--- DIRECTIONS ---
Keep the pictures out of your copy. Transcribe the records below exactly.

┄┄┄┄┄┄

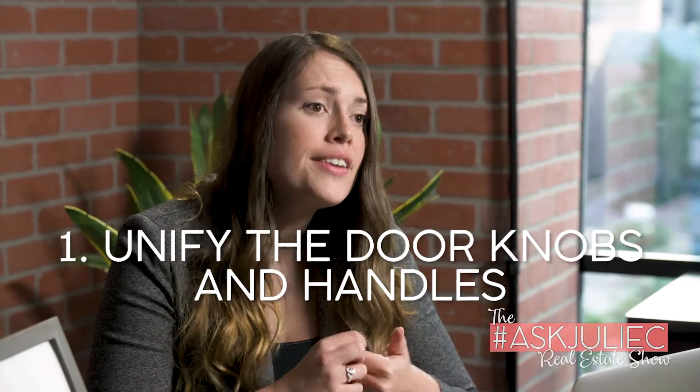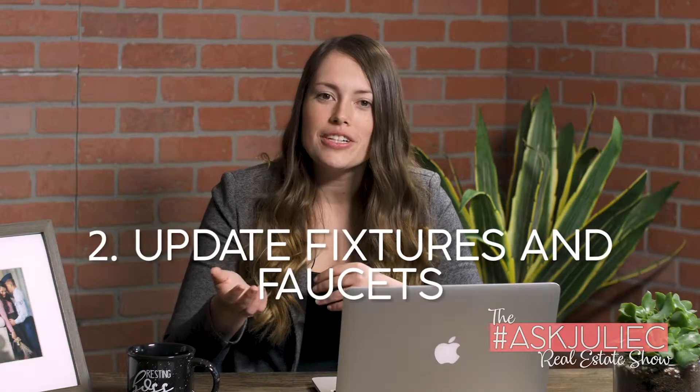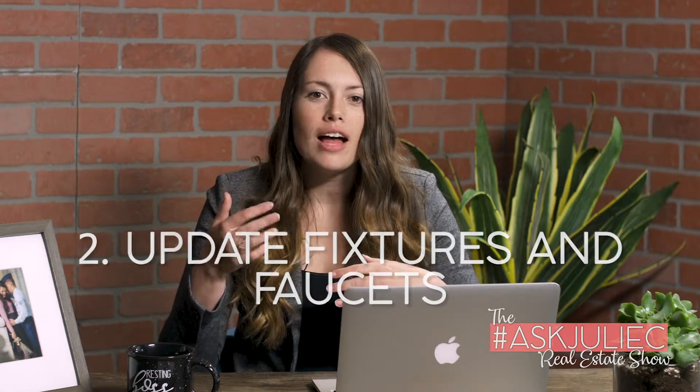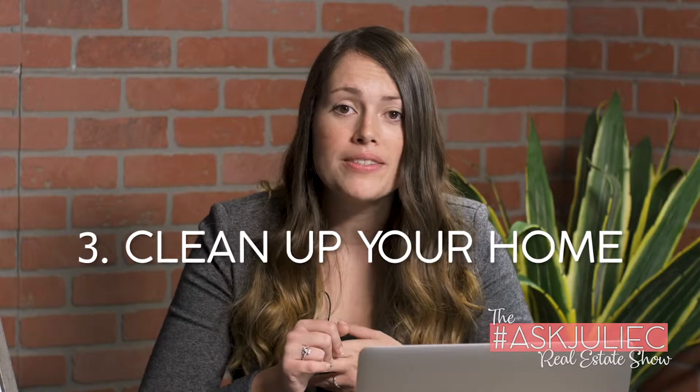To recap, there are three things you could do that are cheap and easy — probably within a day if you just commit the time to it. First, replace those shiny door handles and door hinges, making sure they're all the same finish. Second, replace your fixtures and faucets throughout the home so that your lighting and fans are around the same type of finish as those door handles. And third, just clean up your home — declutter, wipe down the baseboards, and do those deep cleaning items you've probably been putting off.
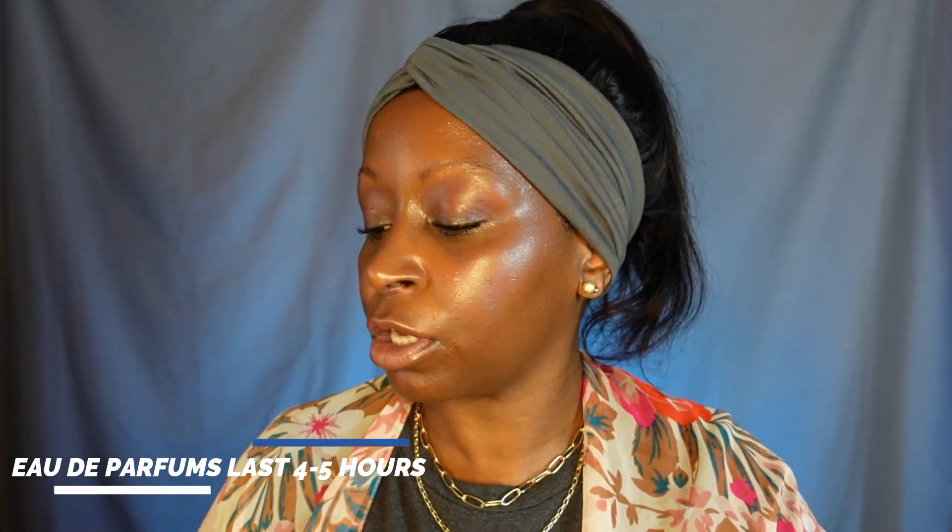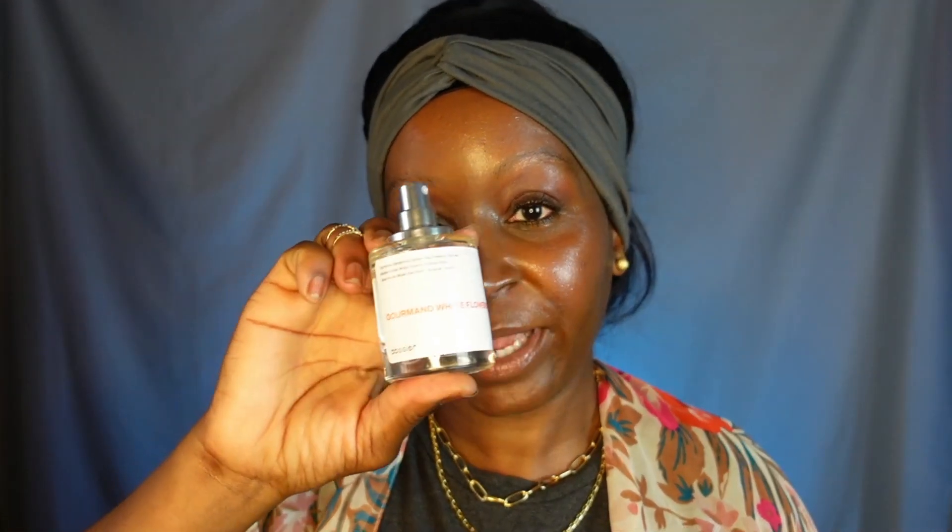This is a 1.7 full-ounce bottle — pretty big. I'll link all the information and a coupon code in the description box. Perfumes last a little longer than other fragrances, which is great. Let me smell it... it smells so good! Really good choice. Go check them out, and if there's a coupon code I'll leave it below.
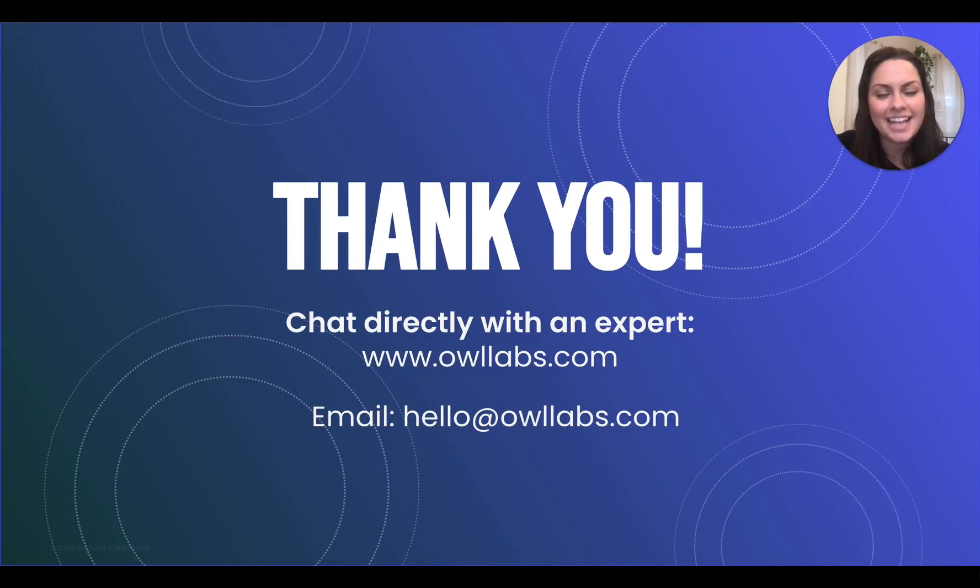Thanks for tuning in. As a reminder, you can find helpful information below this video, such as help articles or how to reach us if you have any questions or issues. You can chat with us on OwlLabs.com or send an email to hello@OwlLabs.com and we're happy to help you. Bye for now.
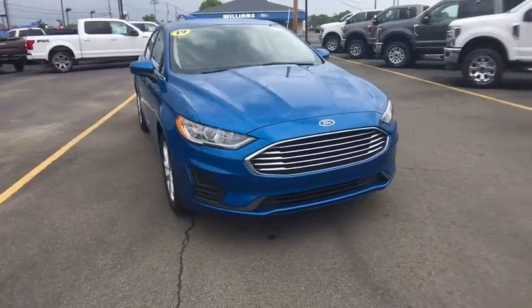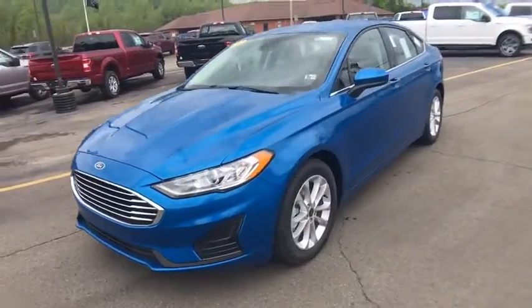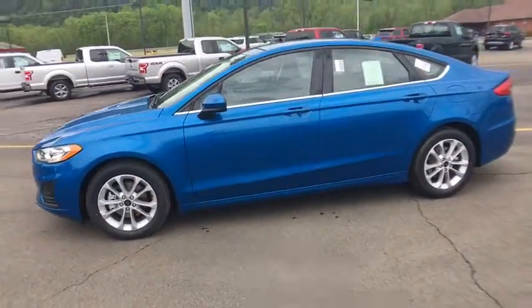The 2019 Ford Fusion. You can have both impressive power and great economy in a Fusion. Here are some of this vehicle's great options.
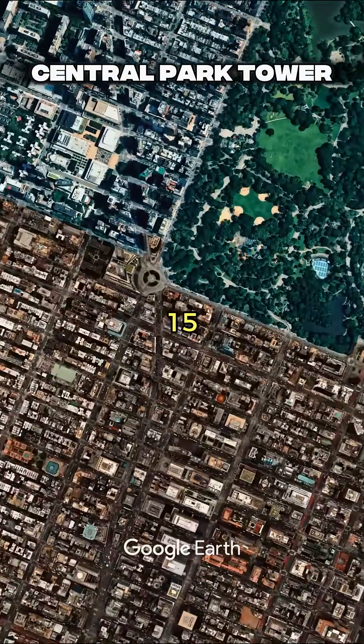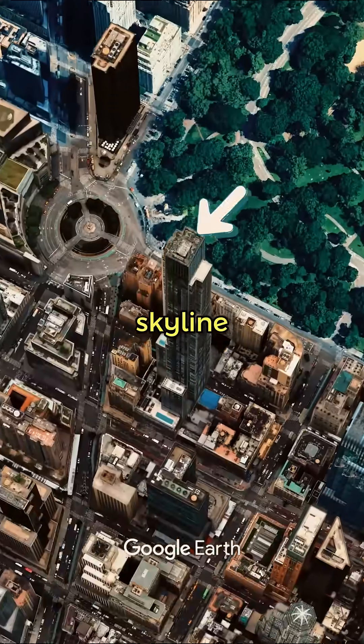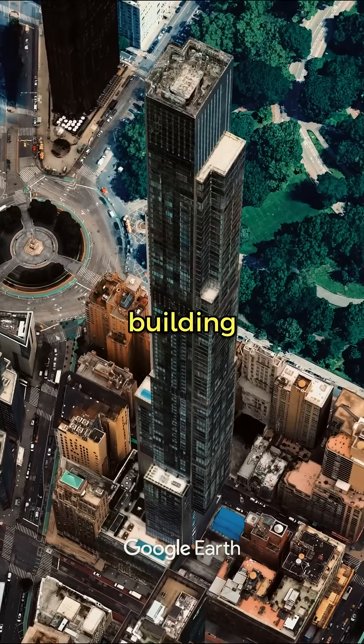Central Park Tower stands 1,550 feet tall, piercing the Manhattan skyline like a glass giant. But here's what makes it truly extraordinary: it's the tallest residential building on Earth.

┄┄┄┄┄┄

--- EXERCISE RESPONSE ---
To recap, there are three things you could do that are cheap and easy — probably within a day if you just commit the time to it. First, replace those shiny door handles and door hinges, making sure they're all the same finish. Second, replace your fixtures and faucets throughout the home so that your lighting and fans are around the same type of finish as those door handles. And third, just clean up your home — declutter, wipe down the baseboards, and do those deep cleaning items you've probably been putting off.
This is a 1.7 full-ounce bottle — pretty big. I'll link all the information and a coupon code in the description box. Perfumes last a little longer than other fragrances, which is great. Let me smell it... it smells so good! Really good choice. Go check them out, and if there's a coupon code I'll leave it below.
Thanks for tuning in. As a reminder, you can find helpful information below this video, such as help articles or how to reach us if you have any questions or issues. You can chat with us on OwlLabs.com or send an email to hello@OwlLabs.com and we're happy to help you. Bye for now.
The 2019 Ford Fusion. You can have both impressive power and great economy in a Fusion. Here are some of this vehicle's great options.
Central Park Tower stands 1,550 feet tall, piercing the Manhattan skyline like a glass giant. But here's what makes it truly extraordinary: it's the tallest residential building on Earth.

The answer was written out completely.